SBIR-STTR Award

The uremic syndrome is a disabling condition attributed to the progressive retention of solutes that would normally be excreted by the kidneys and which interact negatively with physiological systems/functions. These are broadly defined as uremic toxins. Hemodialysis treatment is prescribed for the majority of individuals in the final stages of renal failure. However, better dialysis options (length, frequency and location) are needed to enable individuals with this disability to work and engage in activities in their communities. With the goal of creating an advanced, portable hemodialysis system based on an innovative dialysate regeneration system, the investigators will use various surface chemistry techniques to develop an adsorption system effective for regenerating spent dialysate containing a wide spectrum of uremic toxins AND maintain nutrients such as amino acids, vitamins and essential ions. The technical objectives in the Phase I program are: 1) Design, Preparation and Characterization of the Advanced DRS; 2) Performance Characterization of the Advanced DRS for Uremic Toxin Clearance; 3) Efficacy and Safety Test on DRC Housing the Advanced DRS; 4) Summary of Phase I Program. The challenge in this Phase I project will be identifying an adequate balance between the degree of selectivity and the toxin removal effectiveness.

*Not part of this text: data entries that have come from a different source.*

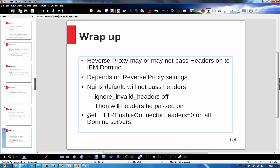So my final word is, always set HTTPEnableConnectorHeaders to zero on all Domino servers. You really do not need it. I will show you in a later blog entry how to set up the Nginx proxy server to work great with Domino servers without this setting needed. That's all for me now. Bye.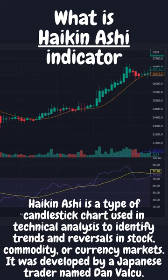Heikin Ashi is a type of candlestick chart used in technical analysis to identify trends and reversals in stock, commodity, or currency markets. It was developed by a Japanese trader named Dan Valku.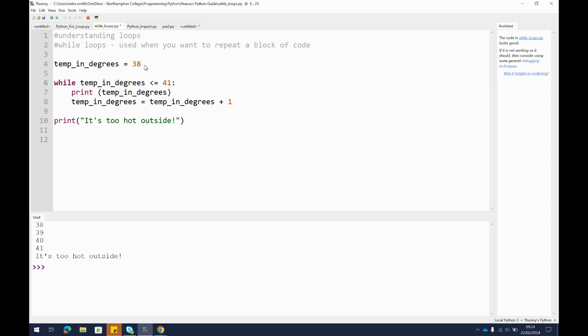But then I've added this extra line here so I've redefined my variable. I've told it that the temperature in degrees should now be equal to the temperature in degrees plus an extra one.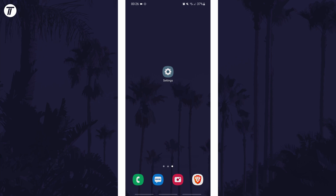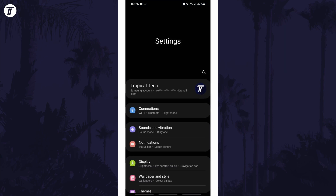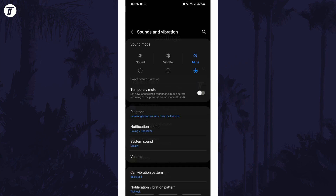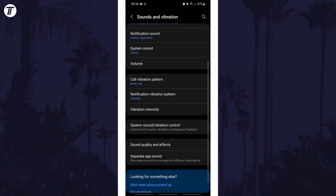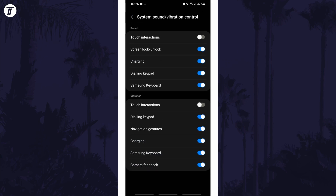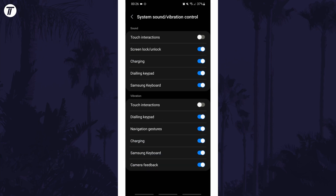To turn off keyboard vibrations, first open the main settings page and tap on an option called sounds and vibration or similar. In here choose system sound and vibration control. Now look for the vibration section and turn off those that you don't want, like the keyboard.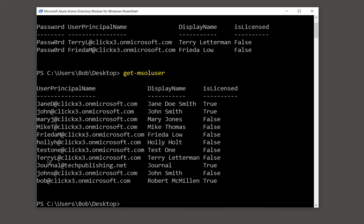There's also switches to automatically license these users as well. So take a look in the description area for the command I just typed in, go ahead and create your CSV file, connect to Office 365 PowerShell. And I have another video on how I did that in this playlist. And then you can import as many different users as you like and create mailboxes for them.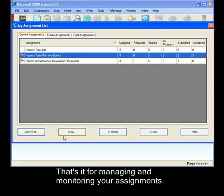And that's pretty much it for monitoring and managing your assignments and students.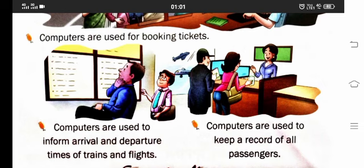To ye saari applications humne dekhi ki hum computer kahan kahan use kar rahe hain. We can find computers everywhere. Jab lockdown open hoga na, uske baad aap apne parents ke saath kisi aisi jagah jaana jahan computer use ho raha ho. Even school mein aaoge to I will show you computers in our computer lab, and I will also show you the laptop I use for official work.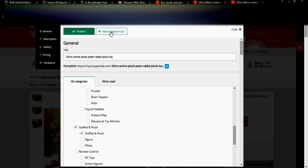You should not publish directly. Instead, go to 'Add to Import List'. When you click this, the product will be imported to your products list. Let us check if this product is imported correctly into our store.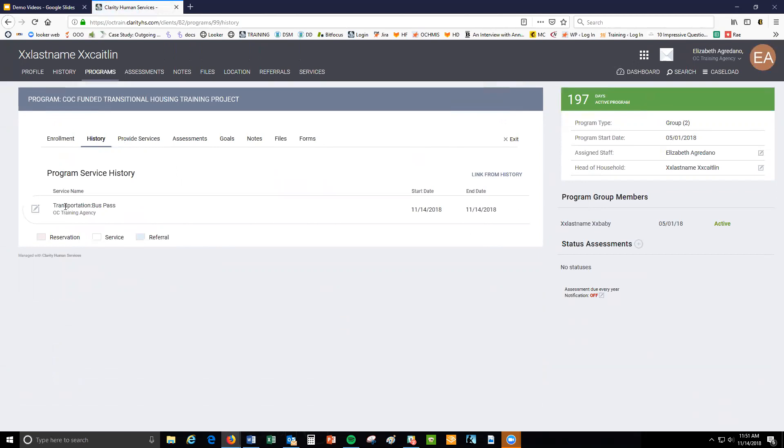If you made a mistake or need to edit the service, you can do so within the history tab by clicking the edit button.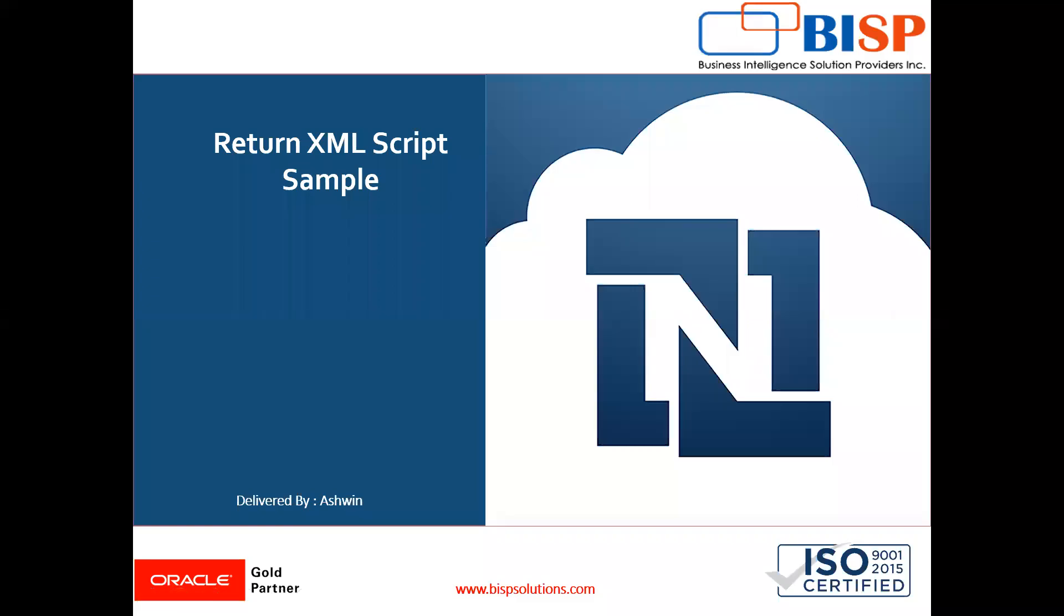Hello friends, welcome to BISP Solutions. My name is Ashwin and I work as a technical consultant at BISP Solutions. BISP Solutions is a tech company that provides technological solutions across the world.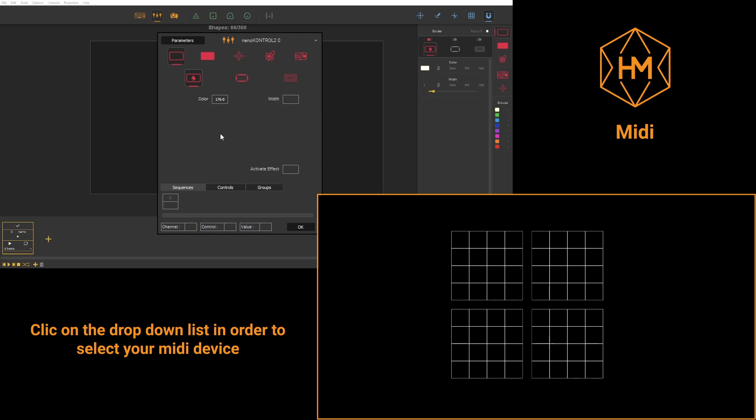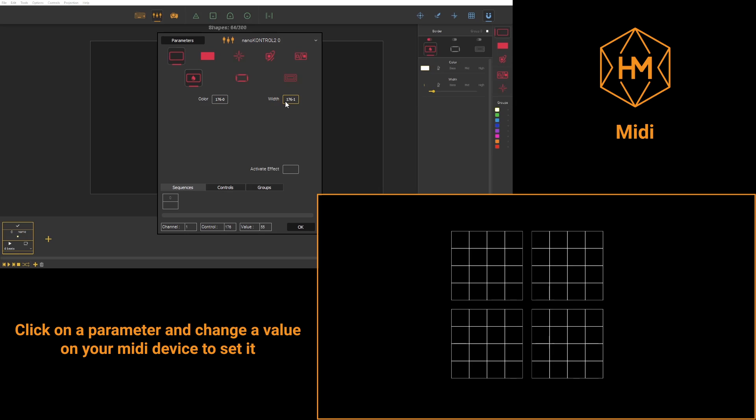Then you'll have to choose your device in the scrolling list in order to activate it. After that you'll simply need to select the parameters you've chosen and move the controller or press the button on your controller in order to control this effect later.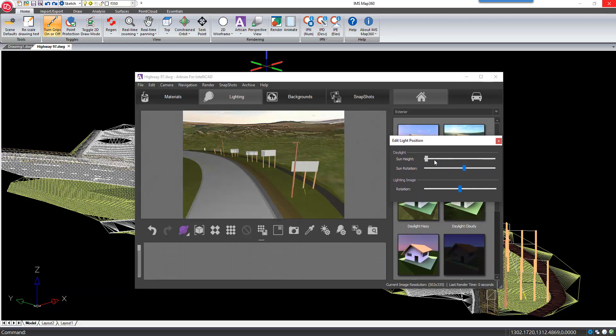We can adjust the height of the sun from the horizon, or the rotation of the sun.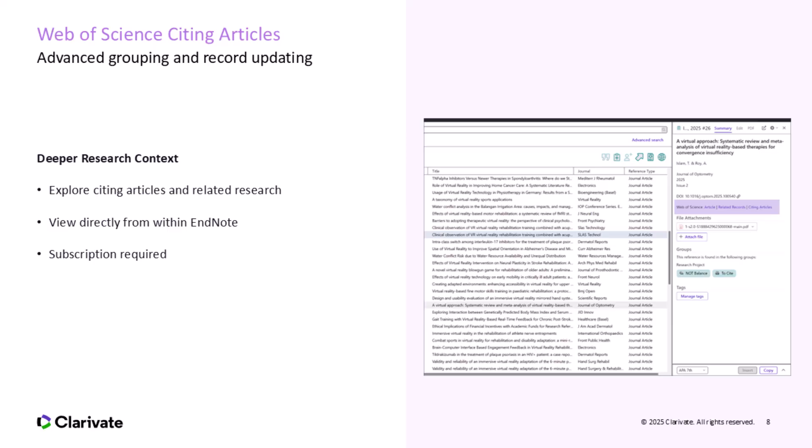For newer researchers, it's a faster, more intuitive way to trace the conversation around a paper. You can instantly explore who has cited the article, how it's been used in other fields, or whether it's been built upon in more recent studies. That's incredibly useful for literature reviews, grant applications, or identifying gaps in the research. For experienced users, this is a massive time saver, especially those doing systematic reviews or citation mapping. You no longer need to open Web of Science separately, search manually, and bounce between platforms. EndNote becomes the central hub where you manage your references and the context around them. I should mention that full access to Web of Science data still requires a subscription, but this integration is designed to support those who already use it and to help others discover how valuable it can be. In short, EndNote doesn't just store what you've read. It now connects you to the broader research dialogue right from within your library.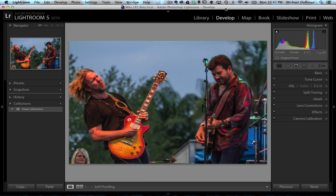I'd like to show you today my three favorite features in this new version of Lightroom. Now my favorite features are not necessarily killer features, but for me they are — these are features that are really going to help my workflow.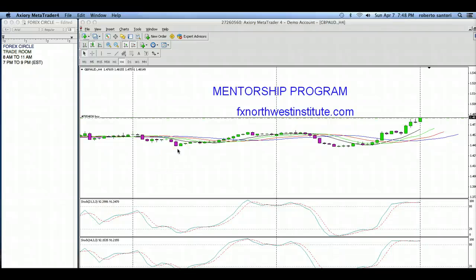Hi traders, it's Roberto and it's Sunday evening, April 7th. We're getting ready for a new week. I had sent out everyone some trading signals and some directional bias trades for the week, so I hope you were able to access that email.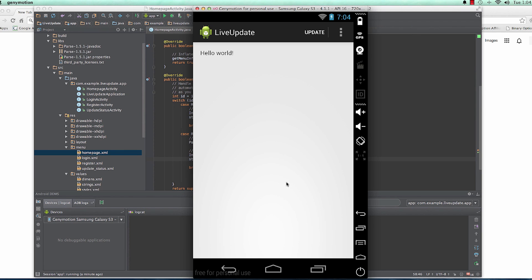In the next video we'll be talking about how to arrange our app. Now that we have the homepage, login, and register activities created, we're going to see how we want the app to work. When a user is not logged in, they'll be taken to the login page where they can log in or create an account. We'll see that in the next video.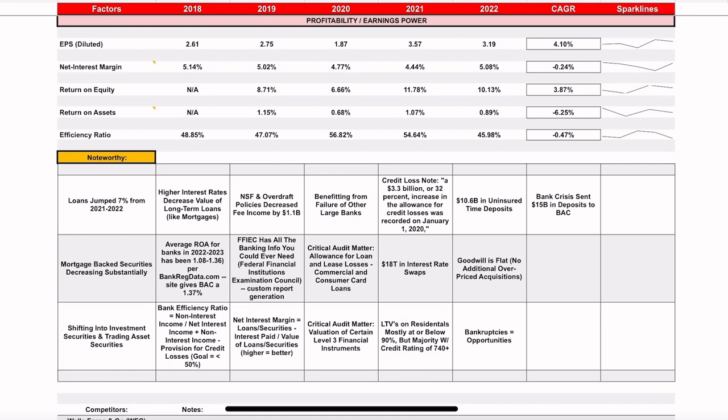Moving into efficiency ratio: ideally you want less than 50 for your efficiency ratio, and they do well here. They've decreased it — a lower number is better, kind of like golf. So doing all right there — not spectacular, not amazing, but all right. And I guess that's kind of what you take away when you're looking at Bank of America: not spectacular, not amazing, but good.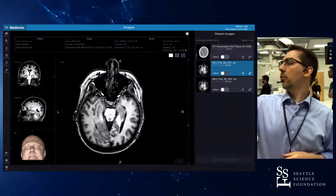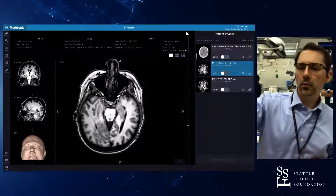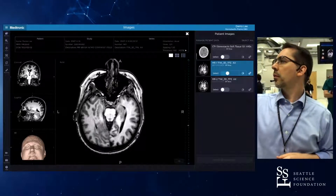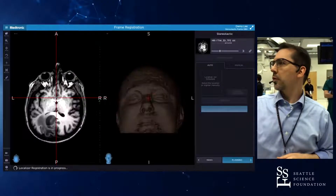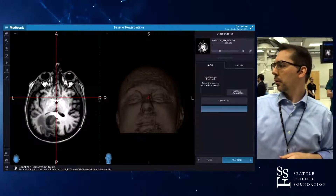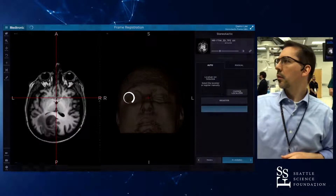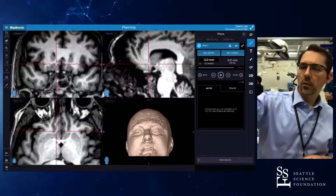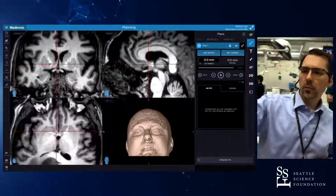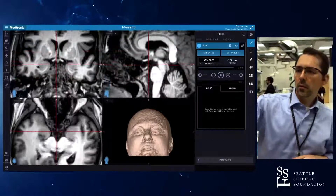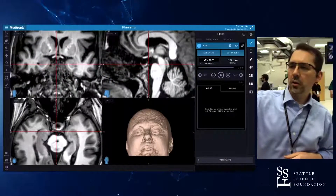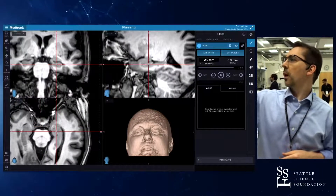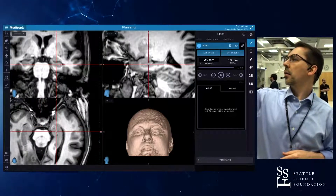Let's go into the targeting mode here. Frame registration. For a plan, we would spend a lot of time on the fine details of this, but that's the head of the hippocampus. I will create a target.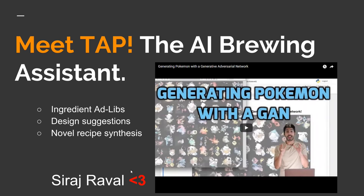I want to give a shout out to Siraj Raval, who actually got me started in this — this is him explaining a GAN by making Pokémon.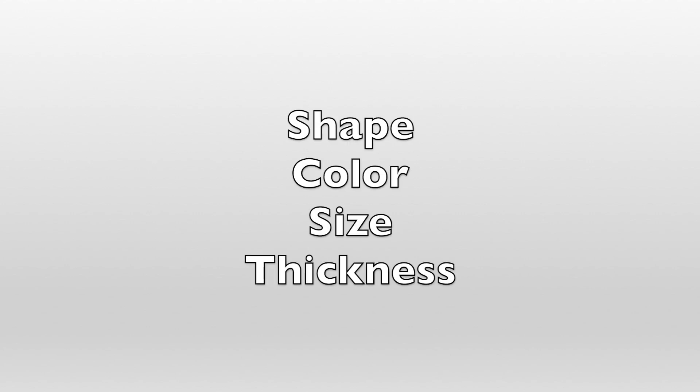Let's have a quick review. Can you remember the four attributes that we just discussed? Great job! The four attributes we learned about were shape, color, size, and thickness.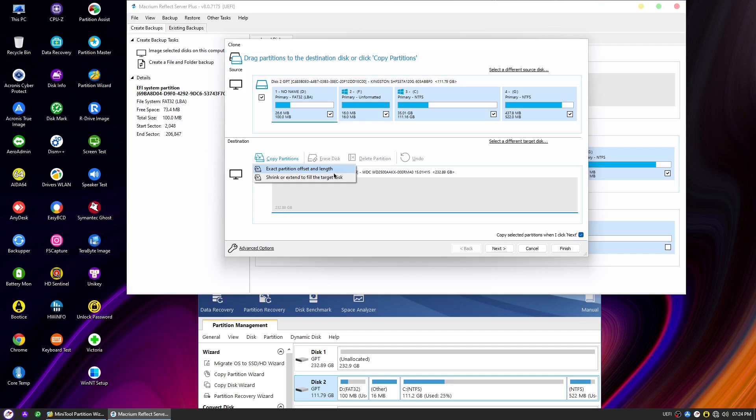The first option is Exact Partition Offset and Length. When you select this option, Macrium Reflect will create an exact copy of the source partition by replicating its starting position and size on the destination drive. This option is particularly useful in scenarios where you need to ensure that the clone partition matches the original partition precisely.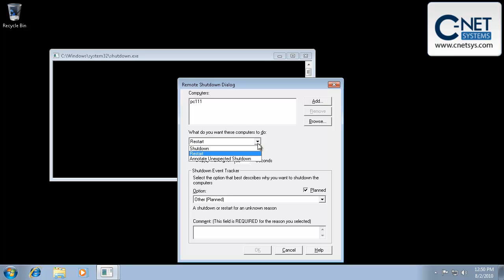So you can restart, you can shut down. I don't think anybody ever used the annotate unexpected shutdown. That's for actually replying to the response that says this computer was shut down abnormally or the previous shutdown was unexpected. And I don't think there's a great need for that, but a lot of times I've had a need to actually restart a machine that I couldn't actually sit down in front of and use the keyboard, or maybe I couldn't get to through something like remote desktop.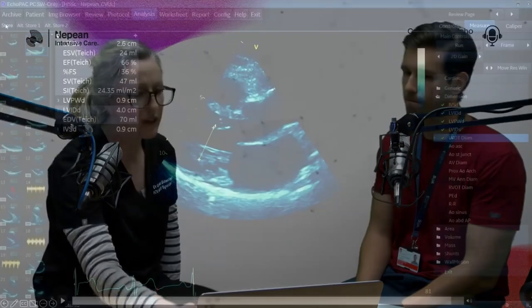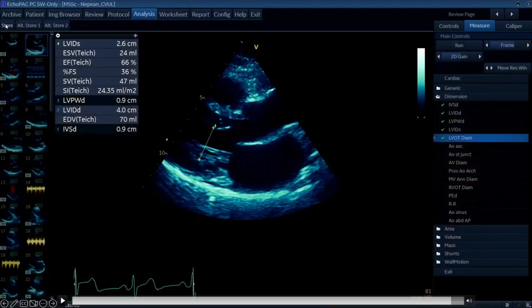If there are any regional wall motion abnormalities or changes in contractility - say things like Takotsubo where you've got hyperdynamic basal segments - then it's going to flatter the systolic function of the LV. The normal value for fractional shortening is around 36% - this is a normal left ventricle. Anything less than 25% is pitched as being abnormal.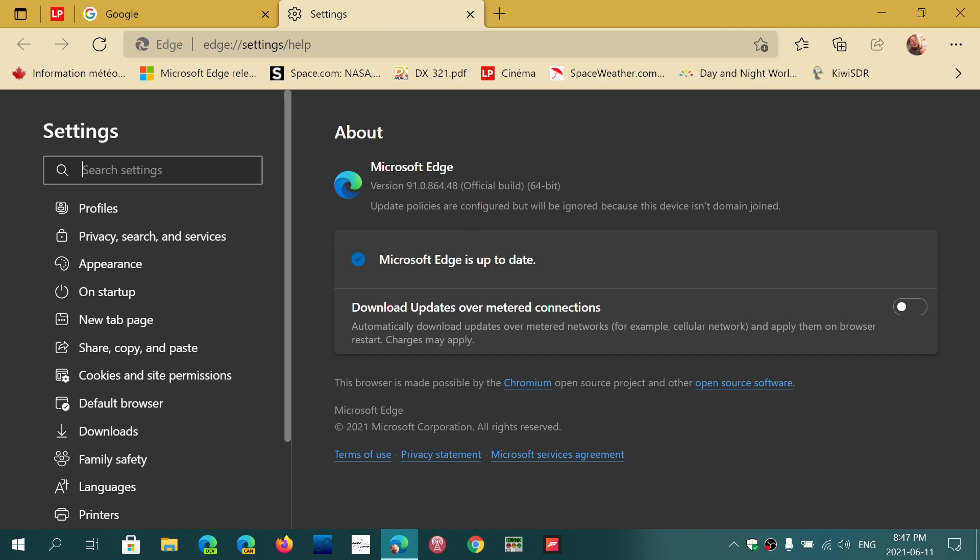This fixes several vulnerabilities in Microsoft Edge, especially the Chromium engine, including at least one zero-day already exploited in the wild. That means hackers already know how to get into your machine through Microsoft Edge because of this flaw. This is a flaw that was also fixed in Google Chrome since they share the same basic code. It's important to update to stay safe.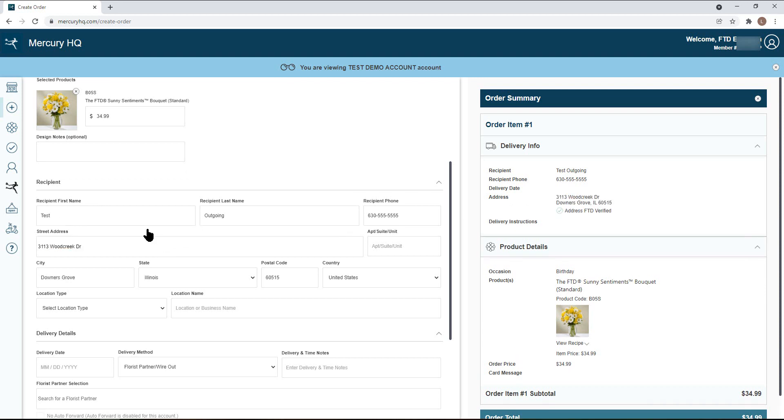Once you select a verified address, the city, state, and postal code will auto-populate. Be sure to include an apartment or suite number if necessary.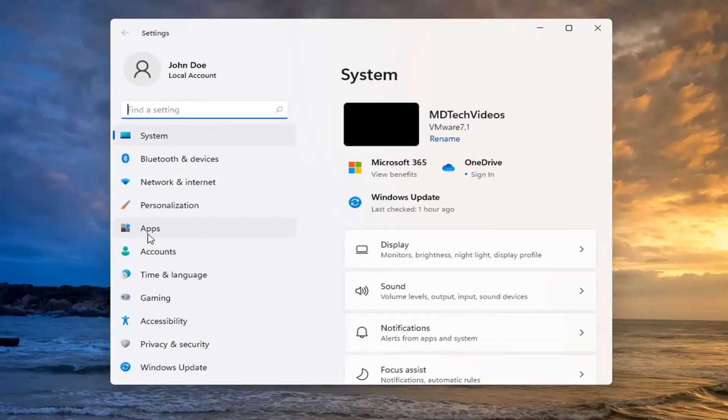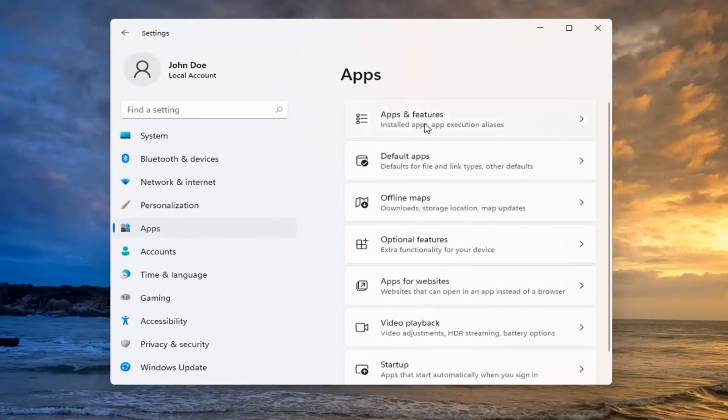Select the Apps tile on the left side, and then select Apps and Features on the right.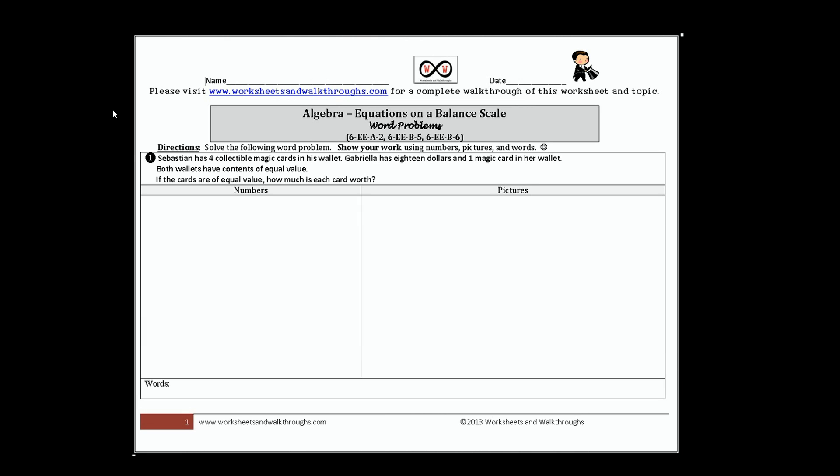We have some directions: solve the following word problem, and show your work using numbers, pictures, and words. Let's get started.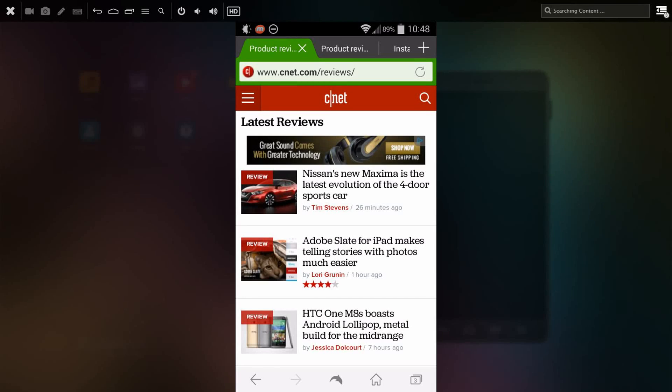In this video I'll be showing you how to get Adblock for your Android device. This does not work for the YouTube app, but it does work surprisingly well for pop-up ads in almost any browser. I'm in Dolphin browser right now, and it also works in Chrome.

This project develops an advanced, portable hemodialysis regeneration system that significantly enhances the quality of life of end-stage renal disease (ESRD) patients. ESRD impairs physiological systems and functions, and is associated with disability, high morbidity and mortality. Hemodialysis is prescribed for the majority of individuals in the final stages of renal failure. Minimizing the loss of nutrients and improving dialysis delivery (length, frequency, and location) enables individuals with ESRD to feel better, have more energy, work more, and engage in activities in their communities. Project investigators use surface chemistry and material science techniques to develop an advanced dialysate regeneration system able to remove a broad spectrum of uremic toxins while minimizing the loss of nutrients such as amino acids, vitamins, and essential ions. Technical objectives include: (1) performing scale-up production of the components of the advanced dialysate regeneration system (DRS-2); (2) designing and constructing the prototype module (cartridge) to house the DRS-2; (3) proving the safety and efficacy of the DRS-2 in vitro; (4) performing overall efficacy and quality tests of the DRS-2 using spent dialysate; and (5) evaluating and summarizing Phase II processes and results.